Dies stellt nicht nur einen Angriff auf die Meinungsfreiheit dar; es widerspricht auch dem Selbstverständnis einer Hochschule, die dem philosophischen und theologischen Diskurs verpflichtet ist. Dann nämlich, wenn ein katholischer Denker — mit durchaus traditionellen, aber im Rahmen der kirchlichen Lehre vertretbaren Positionen — nicht mehr hören darf, weil er unbequem ist, wird die Debattenkultur, auf der Kirche und Wissenschaft gleichermaßen ruhen, ad absurdum geführt.

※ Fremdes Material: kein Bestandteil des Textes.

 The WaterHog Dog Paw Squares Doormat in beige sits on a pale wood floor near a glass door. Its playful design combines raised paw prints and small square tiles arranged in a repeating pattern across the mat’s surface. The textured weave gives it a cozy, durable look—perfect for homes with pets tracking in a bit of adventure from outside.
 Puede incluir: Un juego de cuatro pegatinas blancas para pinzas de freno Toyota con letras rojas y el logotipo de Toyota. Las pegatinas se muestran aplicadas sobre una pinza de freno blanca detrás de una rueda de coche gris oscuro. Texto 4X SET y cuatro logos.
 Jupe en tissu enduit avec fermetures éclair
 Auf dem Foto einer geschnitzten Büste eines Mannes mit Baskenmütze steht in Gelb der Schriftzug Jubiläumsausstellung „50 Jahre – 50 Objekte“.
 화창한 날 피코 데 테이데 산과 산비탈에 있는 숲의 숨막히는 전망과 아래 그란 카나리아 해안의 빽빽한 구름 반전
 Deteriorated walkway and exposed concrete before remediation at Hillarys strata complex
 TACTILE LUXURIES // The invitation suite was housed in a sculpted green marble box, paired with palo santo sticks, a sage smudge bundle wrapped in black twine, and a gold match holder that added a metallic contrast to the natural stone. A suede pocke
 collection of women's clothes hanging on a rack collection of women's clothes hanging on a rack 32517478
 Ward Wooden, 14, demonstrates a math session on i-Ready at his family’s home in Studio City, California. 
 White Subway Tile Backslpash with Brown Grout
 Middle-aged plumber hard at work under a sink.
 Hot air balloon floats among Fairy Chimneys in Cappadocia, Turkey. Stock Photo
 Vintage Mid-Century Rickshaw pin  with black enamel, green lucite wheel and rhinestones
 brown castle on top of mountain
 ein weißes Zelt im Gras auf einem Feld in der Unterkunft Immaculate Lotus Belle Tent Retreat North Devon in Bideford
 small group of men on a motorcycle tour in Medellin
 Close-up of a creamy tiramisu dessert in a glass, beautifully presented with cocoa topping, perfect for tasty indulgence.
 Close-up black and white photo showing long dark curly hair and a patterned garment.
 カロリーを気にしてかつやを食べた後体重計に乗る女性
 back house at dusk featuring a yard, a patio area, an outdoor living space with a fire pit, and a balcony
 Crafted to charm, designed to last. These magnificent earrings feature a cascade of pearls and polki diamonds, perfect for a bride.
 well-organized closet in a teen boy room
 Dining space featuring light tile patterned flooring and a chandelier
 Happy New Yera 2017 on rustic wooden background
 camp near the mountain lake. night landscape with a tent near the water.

Warnung vor Gewöhnung an „Cancel-Normen“
Als BKR sehen wir mit Sorge, dass sich ein „Institutionalisiertes Canceln“ ausbreitet — nicht mehr nur gesellschaftlich-politisch, sondern nun auch in kirchlichen und akademischen Räumen. Was heute als „wohlmeinender Protest“ beginnt, kann morgen die normierte Ausschaltung abweichender Stimmen sein. Der Fall Ostritsch zeigt, wie schnell eine vermeintlich pluralistische Hochschule unter dem Druck aktivistischer Gruppen ihre eigene Selbstverpflichtung aufgibt — mit fatalen Folgen für Meinungsvielfalt und christlich-katholische Debattenkultur.
Appell an Leitung und Gemeinschaft der Kirche
Deshalb fordern wir — im Namen vieler katholischer Rechtsanwälte — die Leitung der HFPH, die Kirchen- und Hochschulgemeinschaft sowie alle Katholikinnen und Katholiken dazu auf, konsequent für den Schutz von Wissenschafts- und Meinungsfreiheit einzutreten:
• Eingeladene Referenten dürfen nicht wegen politischer oder ideologischer Vorbehalte von Studierenden „ausgeladen“ werden, solange sie nicht gegen geltendes Recht verstoßen.
• Eine katholische Hochschule muss der Vielfalt des Denkens Raum geben — gerade dort, wo tiefgehende theologische und philosophische Fragen diskutiert werden.
• Der kirchliche Auftrag zur Wahrheit erfordert Mut zur Debatte; wer in Angst vor Protest schweigt, verhöhnt den Geist der Aufklärung und der katholischen Tradition zugleich.
Worte unseres Vorsitzenden und stellvertretenden Vorsitzenden
„Ein derartiger Vorgang an einer katholischen Hochschule ist nicht nur ein Angriff auf den Einzelnen — er trifft das Fundament unseres Rechtsverständnisses und die Freiheit der Kirche, sich selbst denkend und streitbar zu begreifen.“
— Rechtsanwalt und Fachanwalt für Arbeitsrecht Roger Zörb, Hamburg
„Wenn ein akademischer Raum sich weigert, kontroverse, aber legitime Gedanken zu hören, trägt er nicht zum Frieden der Kirche bei, sondern zu ihrer Versteinerung. Das kann nicht im Sinne christlicher Offenheit sein.“
— Prof. Dr. Sven‑Joachim Otto, Düsseldorf, stellvertretender Vorsitzender des BKR
Schlussbemerkung
Der Fall um Sebastian Ostritsch ist kein Einzelfall, sondern Teil einer besorgniserregenden Entwicklung — auch innerhalb katholischer Institutionen. Als Bund katholischer Rechtsanwälte setzen wir uns dafür ein, dass katholische Hochschulen weiterhin Räume der Debatte bleiben. Wo Kirche und Wissenschaft sich gegenseitig befruchten, darf es keine Angst vor „unangenehmen“ Gedanken geben. Schweigen ist niemals die christliche Antwort auf Dissens.